Часов в девять-десятом пришла мама и принесла мою шубу. Я надела ее и просидела так с час, пока папа о чем-то разглагольствовал, мама тоже говорила. Я молча слушала. Несколько раз (еще раньше) я начинала возражать, и папа часто осекал меня, заставляя помолчать. Уже позднее перед тем, как что-либо вставить, я долго думала, а когда вдруг забывалась и опять попадалась на удочку, уже не злилась на папу, а только смеялась в душе над собой и злорадно говорила: «А, попалась! Ну, в другой раз будешь умнее». Все-таки какая трудная штука – умение владеть собой, и я давно борюсь с собой, но достигла совсем незначительных результатов, правда, что умею – так это молчать. Но то, что обычно меня мучает, я никому не говорю. С какой стати? У некоторых людей дурная привычка выбалтывать все, что знаешь.
‹19 января 1933›
Вчера или позавчера на уроке обществоведения, когда учитель говорил что-то о кадрах и о том, что сейчас открываются новые институты, я начала подумывать, что неплохо было бы спросить его, а почему старые институты сейчас целиком распускаются. Пока я только собиралась спросить и сообщила об этом Ирине, я оставалась совершенно спокойной, но когда я уже решила, что спрошу обязательно, сердце так сильно забилось… Я сидела и ждала, когда кончит учитель говорить, и твердила своему сердцу: «Ну, замолчи же». Но оно не только не замолкало, а, наоборот, начинало биться еще сильнее… Конечно, после моего вопроса учитель меня засыпал, а возражать мне уже совсем не хотелось.
‹21 января 1933›
27 ºС ниже нуля. На окнах появились узоры и пушистый иней. Я собралась идти на урок к немке. Оделась и вышла на лесенку, в голове вертелись обрывки немецких фраз из стихотворений, которые весь вечер и утро зубрила. Спускаясь по ступенькам, я мысленно твердила их себе, напрягая всю память. Я повернула на лестницу первого этажа и вдруг остановилась. Немецкие слова мигом выскочили. Внизу, куда только слабо достигал дневной свет из окна и где царил легкий полумрак, я различила белые клубы пара, медленно поднимающиеся с пола и ползущие вверх по ступеням лестницы. Слышно было бульканье и как будто журчанье. «Ах, да это труба лопнула», – догадалась вдруг я и пошла дальше. В углублении между ступенями и дверью, ведущей на улицу, образовалась лужа теплой воды, через которую было бы трудно пройти, если б не батарея, которая лежала на полу, образуя мостик, и трубы которой обледенели. Кое-как открыв примерзшую дверь, я вышла на улицу.

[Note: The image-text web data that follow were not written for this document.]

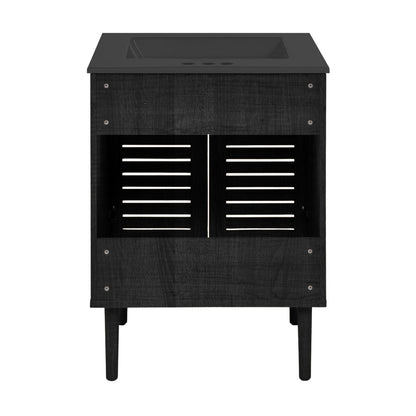 Bron 24" Freestanding Bathroom Vanity in Black Oak with Black 3-Hole Centerset Sink Top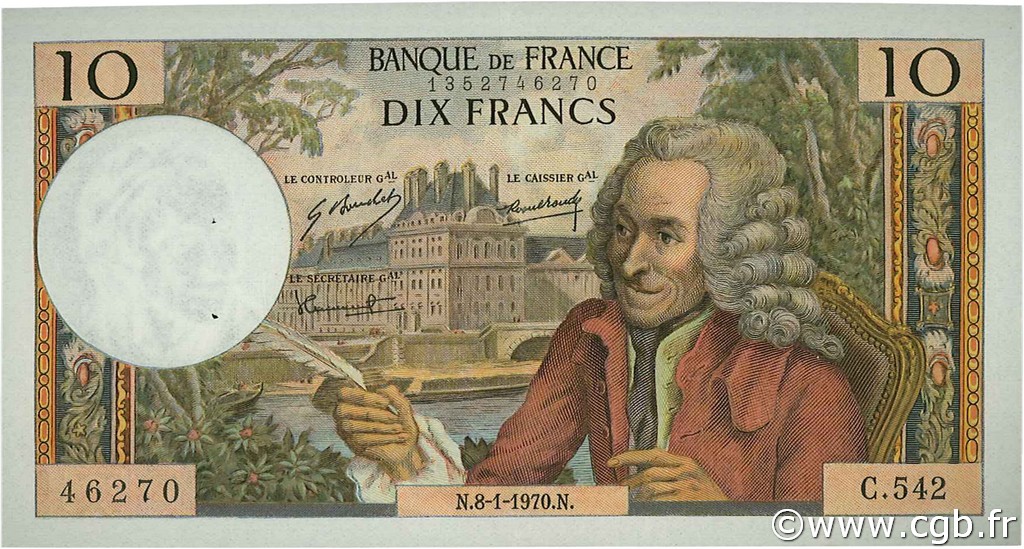 10 Francs VOLTAIRE FRANCE  1970 F.62.41 XF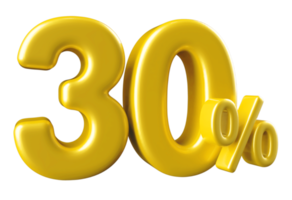 numéro de promotion 30 pour cent 3d png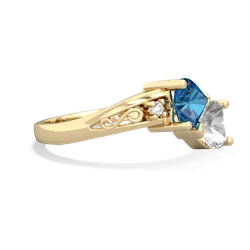 London Topaz Snuggling Hearts 14K Yellow Gold ring R2178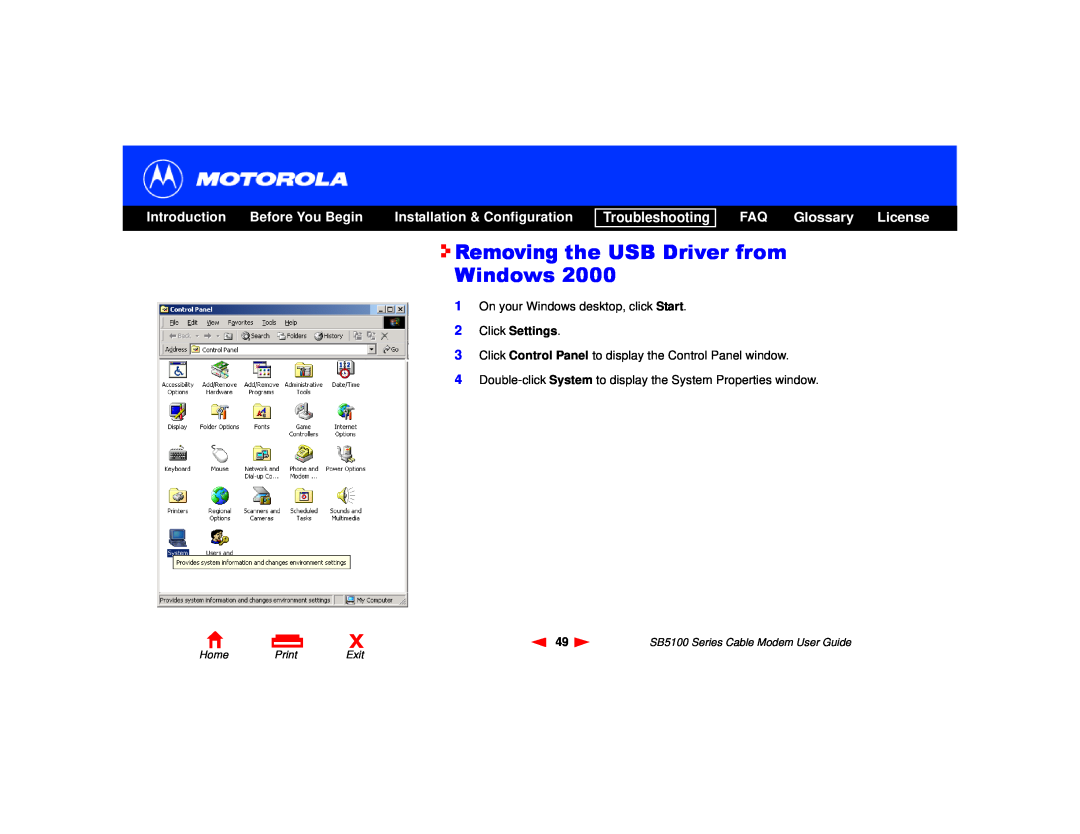Motorola 505788-006-00 manual Removing the USB Driver from Windows, FAQ Glossary License, Introduction, Before You Begin 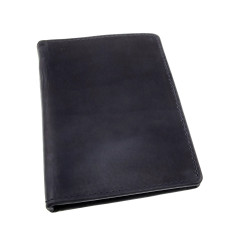 Compacte Donkerblauw Leren Portemonnee RFID-bescherming - ID venster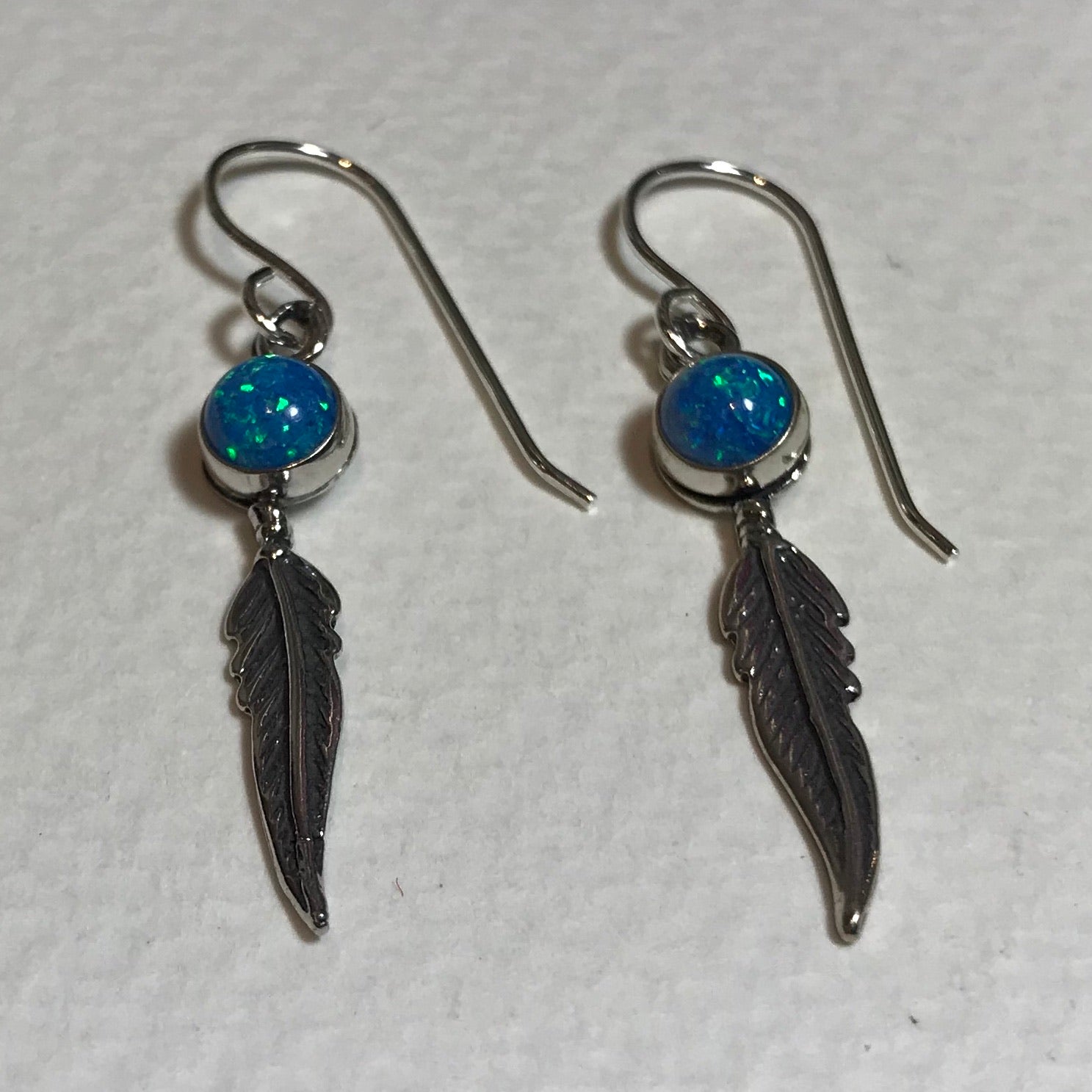 Opal Feather Earrings - The Nancy Smillie Shop - Art, Jewellery & Designer Gifts Glasgow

Светло-розовое матовое небо было ясно; всюду, куда ни глянь, был размыт розовый свет – воздух был густо пропитан им, придавая всем предметам туманную неясность, заволакивая их розовой пленкой. Лицо охватил 27-градусный мороз и приятным холодком прошел по телу. Твердый снег звонко скрипел под ногами. Я спрятала руки в рукава и бодро зашагала по улице, опять начиная бормотать стихотворение. Мороз сильно хватал за нос, перехватывая дыхание. Вот и Ирин дом (я всегда заходила за ней).